#### [ABOUT THIS TASK]
Starting at the line with "Translucent desiccant beads" and ending at the line with "A frosted Lucite", print exactly the lines of the entries below. Pictures do not belong in the copy.

Short text fragments from websites:
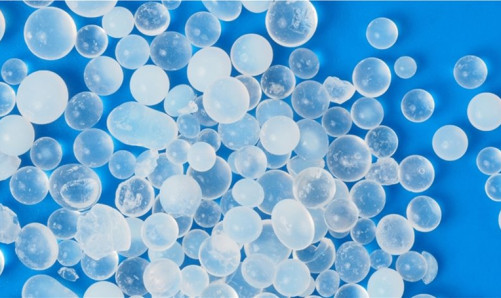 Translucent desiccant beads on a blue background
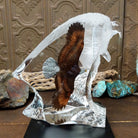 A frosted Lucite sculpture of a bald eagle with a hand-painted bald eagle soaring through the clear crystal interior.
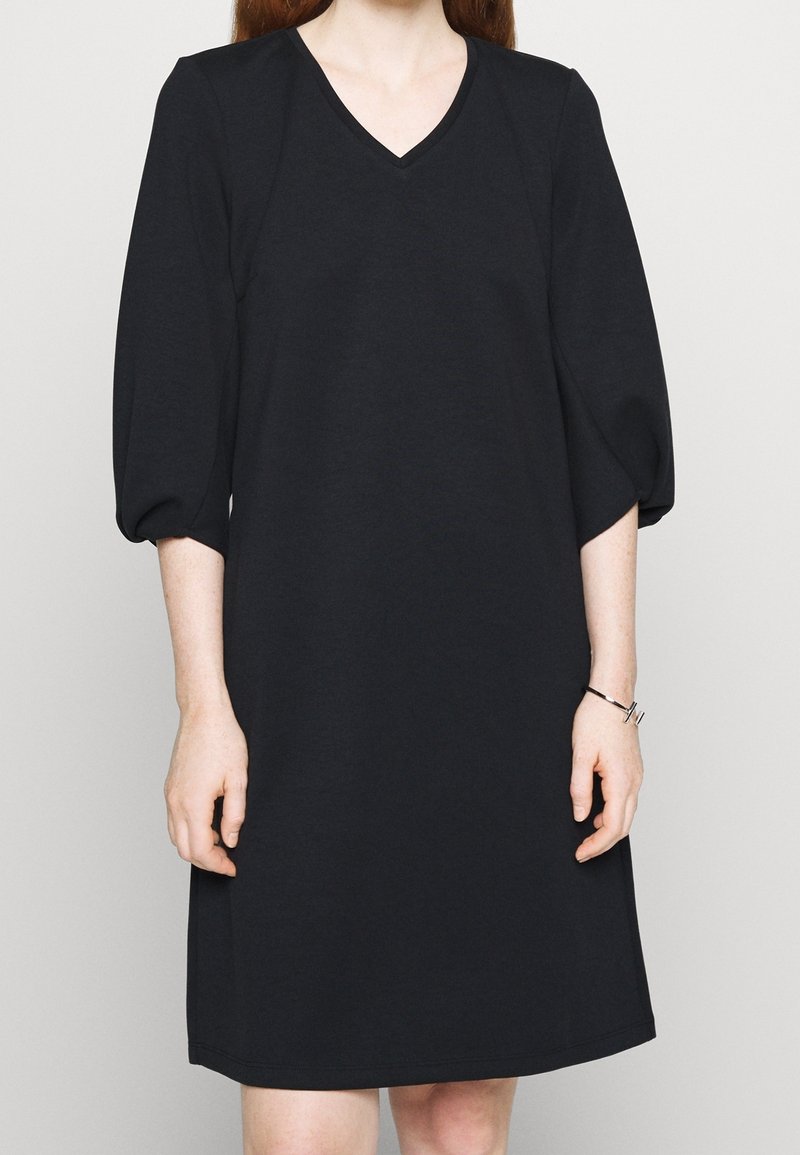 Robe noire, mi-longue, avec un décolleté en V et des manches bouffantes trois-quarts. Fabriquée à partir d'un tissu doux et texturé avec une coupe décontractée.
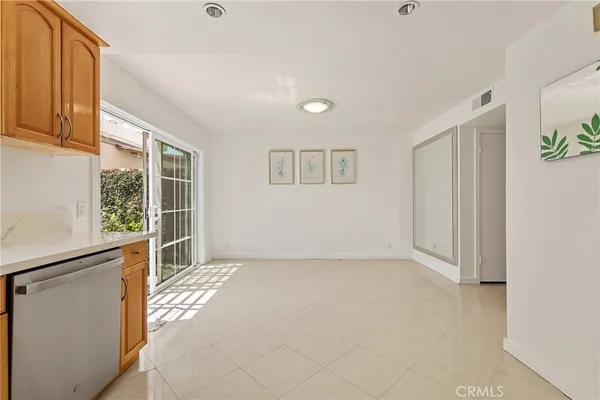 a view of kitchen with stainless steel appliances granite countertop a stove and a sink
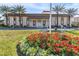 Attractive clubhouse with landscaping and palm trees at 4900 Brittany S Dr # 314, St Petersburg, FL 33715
--
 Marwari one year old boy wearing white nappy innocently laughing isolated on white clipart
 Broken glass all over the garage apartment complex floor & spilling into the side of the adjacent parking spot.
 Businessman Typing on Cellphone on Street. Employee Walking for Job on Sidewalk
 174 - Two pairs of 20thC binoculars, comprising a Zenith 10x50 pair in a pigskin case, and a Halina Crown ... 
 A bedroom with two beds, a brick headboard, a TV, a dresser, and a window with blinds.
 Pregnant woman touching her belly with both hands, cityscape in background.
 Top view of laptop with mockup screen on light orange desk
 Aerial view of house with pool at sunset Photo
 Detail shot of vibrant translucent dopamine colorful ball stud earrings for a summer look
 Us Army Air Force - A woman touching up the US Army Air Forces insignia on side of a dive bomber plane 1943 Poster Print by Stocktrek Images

#### [WRITTEN REPLY]
 Translucent desiccant beads on a blue background
 A frosted Lucite sculpture of a bald eagle with a hand-painted bald eagle soaring through the clear crystal interior.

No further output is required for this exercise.